Required action
Pull out of the data below the stretch of lines bounded by the one containing "Profile image of Caine" and the one containing "Boho Blanket", both bounds included, unchanged.

Short descriptive text snippets:
*** Begin section ***

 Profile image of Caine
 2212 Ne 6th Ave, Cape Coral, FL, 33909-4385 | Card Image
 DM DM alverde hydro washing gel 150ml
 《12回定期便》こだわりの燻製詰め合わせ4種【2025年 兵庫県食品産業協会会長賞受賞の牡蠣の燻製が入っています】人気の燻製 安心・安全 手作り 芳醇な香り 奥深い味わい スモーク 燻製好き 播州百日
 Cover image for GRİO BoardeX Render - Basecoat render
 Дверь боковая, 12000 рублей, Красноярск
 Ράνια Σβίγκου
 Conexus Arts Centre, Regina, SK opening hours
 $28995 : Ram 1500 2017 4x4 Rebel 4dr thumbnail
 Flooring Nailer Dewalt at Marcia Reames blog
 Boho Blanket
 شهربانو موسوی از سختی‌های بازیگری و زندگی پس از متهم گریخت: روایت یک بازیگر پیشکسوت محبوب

*** End section ***
*** Begin section ***

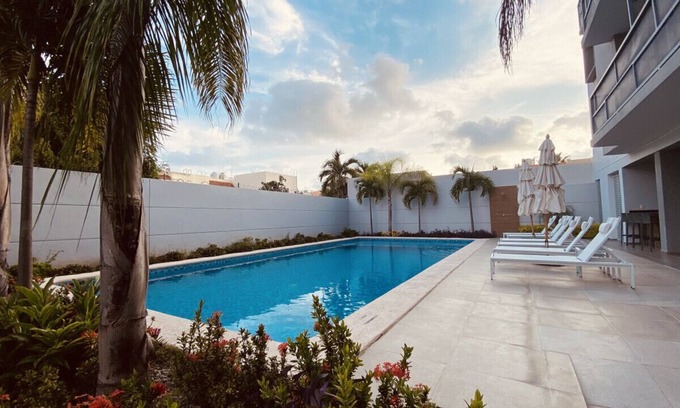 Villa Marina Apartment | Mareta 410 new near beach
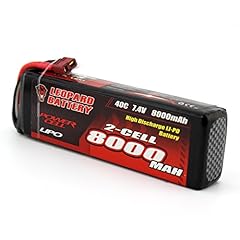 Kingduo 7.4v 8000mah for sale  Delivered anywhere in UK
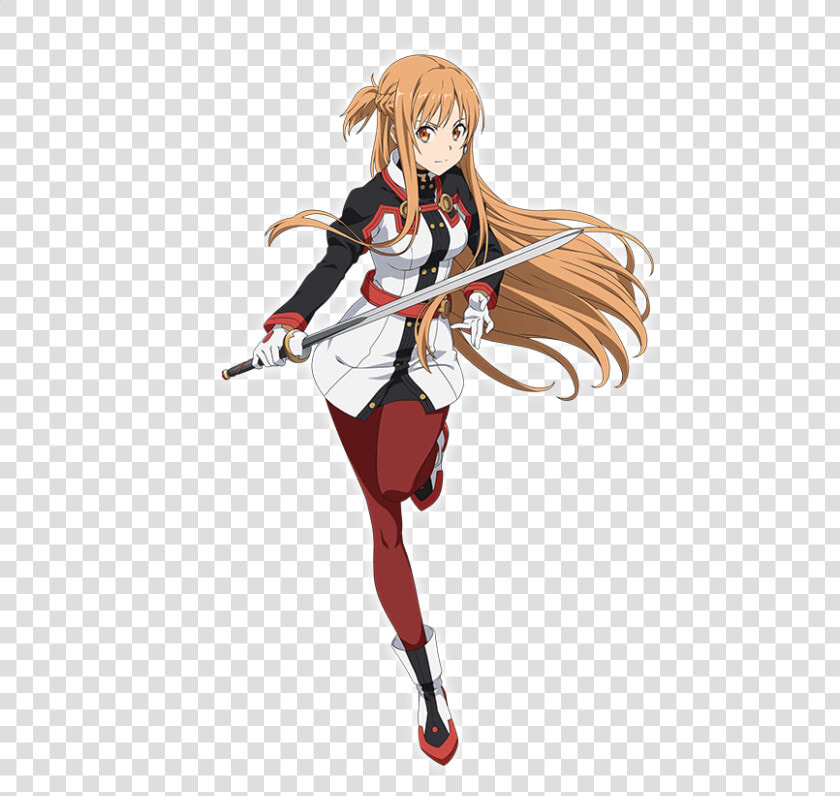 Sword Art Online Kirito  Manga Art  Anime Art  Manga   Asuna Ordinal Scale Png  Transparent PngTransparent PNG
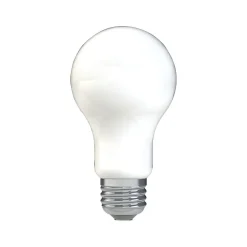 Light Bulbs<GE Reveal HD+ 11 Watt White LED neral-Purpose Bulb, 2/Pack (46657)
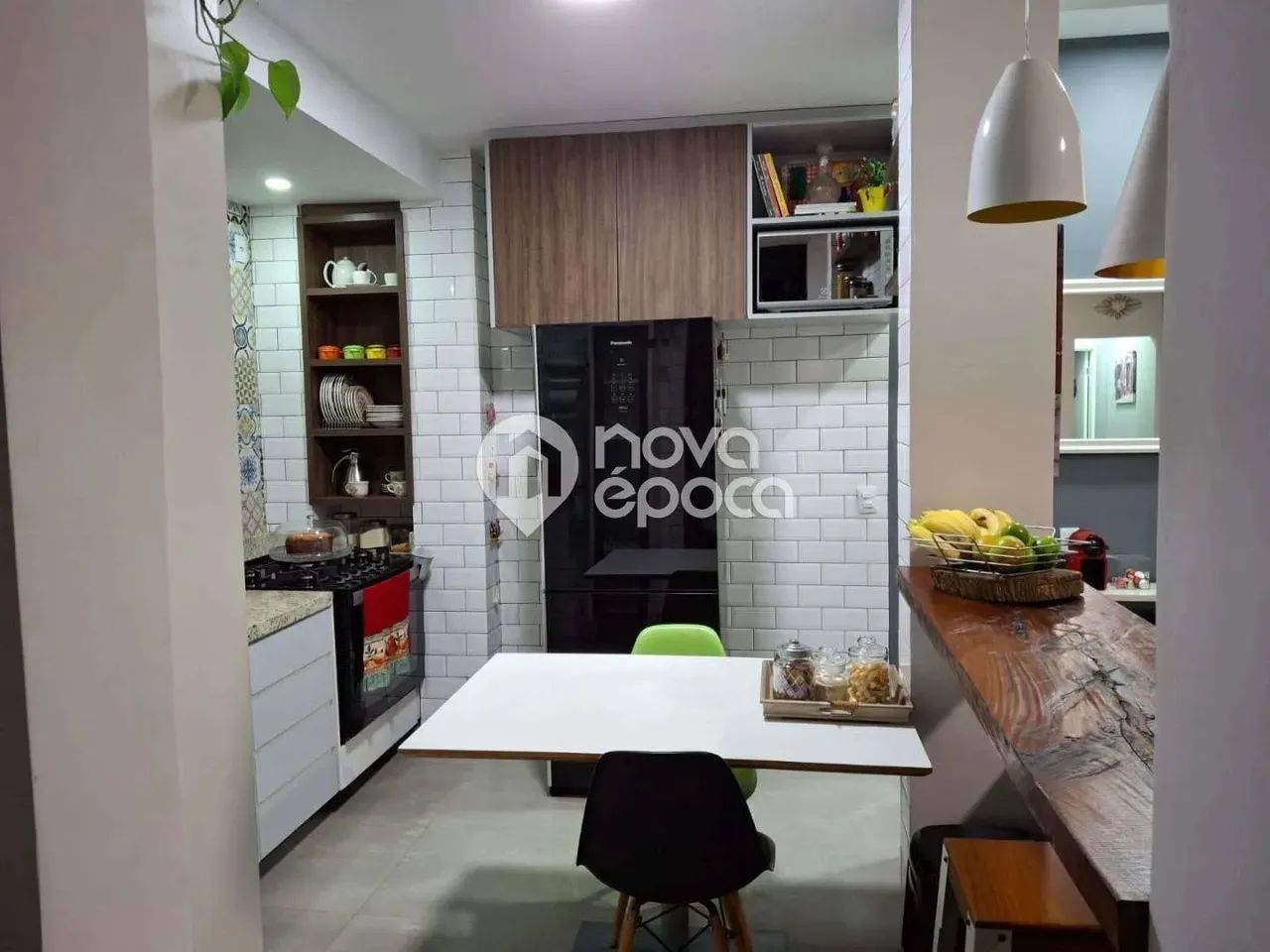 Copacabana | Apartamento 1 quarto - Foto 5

*** End section ***

Exercise answer
 Profile image of Caine
 2212 Ne 6th Ave, Cape Coral, FL, 33909-4385 | Card Image
 DM DM alverde hydro washing gel 150ml
 《12回定期便》こだわりの燻製詰め合わせ4種【2025年 兵庫県食品産業協会会長賞受賞の牡蠣の燻製が入っています】人気の燻製 安心・安全 手作り 芳醇な香り 奥深い味わい スモーク 燻製好き 播州百日
 Cover image for GRİO BoardeX Render - Basecoat render
 Дверь боковая, 12000 рублей, Красноярск
 Ράνια Σβίγκου
 Conexus Arts Centre, Regina, SK opening hours
 $28995 : Ram 1500 2017 4x4 Rebel 4dr thumbnail
 Flooring Nailer Dewalt at Marcia Reames blog
 Boho Blanket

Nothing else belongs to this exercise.